§ Exercise materials:
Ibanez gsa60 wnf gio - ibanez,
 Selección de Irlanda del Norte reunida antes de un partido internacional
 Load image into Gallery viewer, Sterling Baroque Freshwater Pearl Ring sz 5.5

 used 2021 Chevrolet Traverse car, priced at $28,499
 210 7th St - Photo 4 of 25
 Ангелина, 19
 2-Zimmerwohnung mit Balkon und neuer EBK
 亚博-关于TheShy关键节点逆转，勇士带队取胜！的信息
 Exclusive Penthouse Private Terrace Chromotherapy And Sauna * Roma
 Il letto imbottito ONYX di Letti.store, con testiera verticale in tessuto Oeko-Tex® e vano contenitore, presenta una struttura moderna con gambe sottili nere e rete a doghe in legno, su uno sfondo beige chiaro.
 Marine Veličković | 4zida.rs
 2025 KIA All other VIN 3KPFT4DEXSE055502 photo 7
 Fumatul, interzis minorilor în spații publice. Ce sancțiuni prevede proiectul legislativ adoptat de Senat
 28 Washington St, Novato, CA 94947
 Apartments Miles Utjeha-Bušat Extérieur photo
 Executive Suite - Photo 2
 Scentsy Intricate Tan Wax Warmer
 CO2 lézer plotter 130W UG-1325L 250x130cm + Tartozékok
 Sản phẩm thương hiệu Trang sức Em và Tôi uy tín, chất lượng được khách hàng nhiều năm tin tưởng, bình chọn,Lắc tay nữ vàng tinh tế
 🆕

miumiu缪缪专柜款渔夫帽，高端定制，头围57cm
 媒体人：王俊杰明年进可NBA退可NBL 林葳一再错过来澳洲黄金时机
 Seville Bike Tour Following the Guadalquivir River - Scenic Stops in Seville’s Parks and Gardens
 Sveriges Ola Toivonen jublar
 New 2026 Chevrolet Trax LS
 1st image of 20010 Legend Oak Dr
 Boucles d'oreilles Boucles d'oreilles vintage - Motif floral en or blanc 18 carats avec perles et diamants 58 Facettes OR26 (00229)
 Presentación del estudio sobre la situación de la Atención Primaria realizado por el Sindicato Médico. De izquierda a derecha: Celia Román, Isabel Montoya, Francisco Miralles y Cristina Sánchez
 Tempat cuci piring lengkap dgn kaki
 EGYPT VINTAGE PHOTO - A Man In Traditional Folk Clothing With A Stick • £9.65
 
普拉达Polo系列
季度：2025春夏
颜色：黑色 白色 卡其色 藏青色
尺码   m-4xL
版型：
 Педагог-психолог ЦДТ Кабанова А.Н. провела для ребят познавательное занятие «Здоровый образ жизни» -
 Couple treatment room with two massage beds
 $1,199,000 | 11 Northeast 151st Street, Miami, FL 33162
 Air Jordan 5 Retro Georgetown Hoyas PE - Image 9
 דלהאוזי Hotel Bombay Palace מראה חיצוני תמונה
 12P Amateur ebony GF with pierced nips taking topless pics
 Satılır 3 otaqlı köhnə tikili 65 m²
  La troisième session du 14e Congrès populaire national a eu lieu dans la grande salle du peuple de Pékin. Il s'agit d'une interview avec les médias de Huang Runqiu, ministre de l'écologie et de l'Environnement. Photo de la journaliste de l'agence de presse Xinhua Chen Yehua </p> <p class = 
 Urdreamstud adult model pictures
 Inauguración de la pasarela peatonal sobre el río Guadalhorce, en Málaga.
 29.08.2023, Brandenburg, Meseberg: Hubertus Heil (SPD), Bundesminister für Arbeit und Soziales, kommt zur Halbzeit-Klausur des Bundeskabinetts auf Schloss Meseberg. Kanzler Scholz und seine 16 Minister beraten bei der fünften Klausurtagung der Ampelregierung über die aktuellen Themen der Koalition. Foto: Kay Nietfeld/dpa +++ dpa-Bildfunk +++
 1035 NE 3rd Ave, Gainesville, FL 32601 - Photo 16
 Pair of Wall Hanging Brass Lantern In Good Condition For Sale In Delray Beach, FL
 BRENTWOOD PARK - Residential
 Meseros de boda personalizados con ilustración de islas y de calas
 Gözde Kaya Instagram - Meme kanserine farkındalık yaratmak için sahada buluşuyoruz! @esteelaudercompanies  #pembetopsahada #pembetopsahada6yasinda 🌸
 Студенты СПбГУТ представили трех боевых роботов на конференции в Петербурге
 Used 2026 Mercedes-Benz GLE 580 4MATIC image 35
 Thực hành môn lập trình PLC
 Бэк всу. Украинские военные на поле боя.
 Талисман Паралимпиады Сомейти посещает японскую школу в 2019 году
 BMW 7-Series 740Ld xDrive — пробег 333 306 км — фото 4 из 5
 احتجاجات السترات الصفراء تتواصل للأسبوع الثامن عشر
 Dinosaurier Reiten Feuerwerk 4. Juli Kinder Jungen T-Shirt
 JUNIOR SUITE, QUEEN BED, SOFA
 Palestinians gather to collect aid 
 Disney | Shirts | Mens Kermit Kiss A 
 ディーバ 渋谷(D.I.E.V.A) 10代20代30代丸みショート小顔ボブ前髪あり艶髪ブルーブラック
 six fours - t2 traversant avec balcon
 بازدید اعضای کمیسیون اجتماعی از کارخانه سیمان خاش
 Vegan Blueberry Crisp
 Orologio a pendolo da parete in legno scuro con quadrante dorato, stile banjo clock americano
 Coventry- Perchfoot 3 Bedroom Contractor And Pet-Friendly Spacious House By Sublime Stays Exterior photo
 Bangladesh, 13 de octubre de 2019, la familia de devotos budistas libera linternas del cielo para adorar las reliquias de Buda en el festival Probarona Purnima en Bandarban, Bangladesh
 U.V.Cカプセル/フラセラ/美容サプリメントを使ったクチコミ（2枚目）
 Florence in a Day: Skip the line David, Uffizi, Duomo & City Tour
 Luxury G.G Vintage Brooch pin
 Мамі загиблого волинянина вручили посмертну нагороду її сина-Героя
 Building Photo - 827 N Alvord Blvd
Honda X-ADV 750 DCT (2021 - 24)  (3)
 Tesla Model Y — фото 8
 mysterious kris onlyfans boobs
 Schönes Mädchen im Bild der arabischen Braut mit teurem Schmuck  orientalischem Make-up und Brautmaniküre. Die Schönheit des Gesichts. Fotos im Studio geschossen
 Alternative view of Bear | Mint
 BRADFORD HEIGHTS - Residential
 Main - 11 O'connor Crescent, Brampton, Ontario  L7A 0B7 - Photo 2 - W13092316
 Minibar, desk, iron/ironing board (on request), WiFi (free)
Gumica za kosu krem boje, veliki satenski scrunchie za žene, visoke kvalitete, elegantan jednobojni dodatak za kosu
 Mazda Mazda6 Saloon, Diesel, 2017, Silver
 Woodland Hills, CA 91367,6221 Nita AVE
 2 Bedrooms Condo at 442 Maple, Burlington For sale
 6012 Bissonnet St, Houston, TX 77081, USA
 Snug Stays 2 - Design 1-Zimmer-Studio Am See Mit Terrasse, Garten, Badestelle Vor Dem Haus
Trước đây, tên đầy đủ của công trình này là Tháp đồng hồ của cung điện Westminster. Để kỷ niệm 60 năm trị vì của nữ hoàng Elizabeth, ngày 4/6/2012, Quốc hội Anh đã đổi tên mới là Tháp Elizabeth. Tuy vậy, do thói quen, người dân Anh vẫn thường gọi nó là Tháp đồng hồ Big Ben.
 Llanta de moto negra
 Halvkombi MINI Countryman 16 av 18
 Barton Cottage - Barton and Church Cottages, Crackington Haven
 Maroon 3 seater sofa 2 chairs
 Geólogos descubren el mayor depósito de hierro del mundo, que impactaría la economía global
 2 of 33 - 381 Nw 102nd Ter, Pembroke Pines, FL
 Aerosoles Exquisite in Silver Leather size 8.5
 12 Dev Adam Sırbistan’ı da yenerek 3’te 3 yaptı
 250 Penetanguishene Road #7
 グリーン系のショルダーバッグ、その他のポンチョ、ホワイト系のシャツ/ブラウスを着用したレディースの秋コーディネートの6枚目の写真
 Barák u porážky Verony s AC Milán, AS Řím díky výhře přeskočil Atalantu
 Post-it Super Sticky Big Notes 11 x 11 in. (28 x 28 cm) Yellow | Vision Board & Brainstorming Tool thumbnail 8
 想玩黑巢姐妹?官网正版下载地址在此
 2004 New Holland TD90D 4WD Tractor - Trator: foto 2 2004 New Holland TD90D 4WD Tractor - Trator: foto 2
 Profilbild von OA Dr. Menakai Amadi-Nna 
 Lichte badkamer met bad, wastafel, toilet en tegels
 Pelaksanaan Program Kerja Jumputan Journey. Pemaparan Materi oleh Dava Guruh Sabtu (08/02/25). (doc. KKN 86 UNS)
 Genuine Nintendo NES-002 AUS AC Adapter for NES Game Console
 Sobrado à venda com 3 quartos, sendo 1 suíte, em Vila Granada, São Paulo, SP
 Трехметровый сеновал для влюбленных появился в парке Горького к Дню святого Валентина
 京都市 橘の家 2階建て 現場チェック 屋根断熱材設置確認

§ Work order:
Scan the entries above and show each line that contains the word "Residential".

§ Answer:
 BRENTWOOD PARK - Residential
 BRADFORD HEIGHTS - Residential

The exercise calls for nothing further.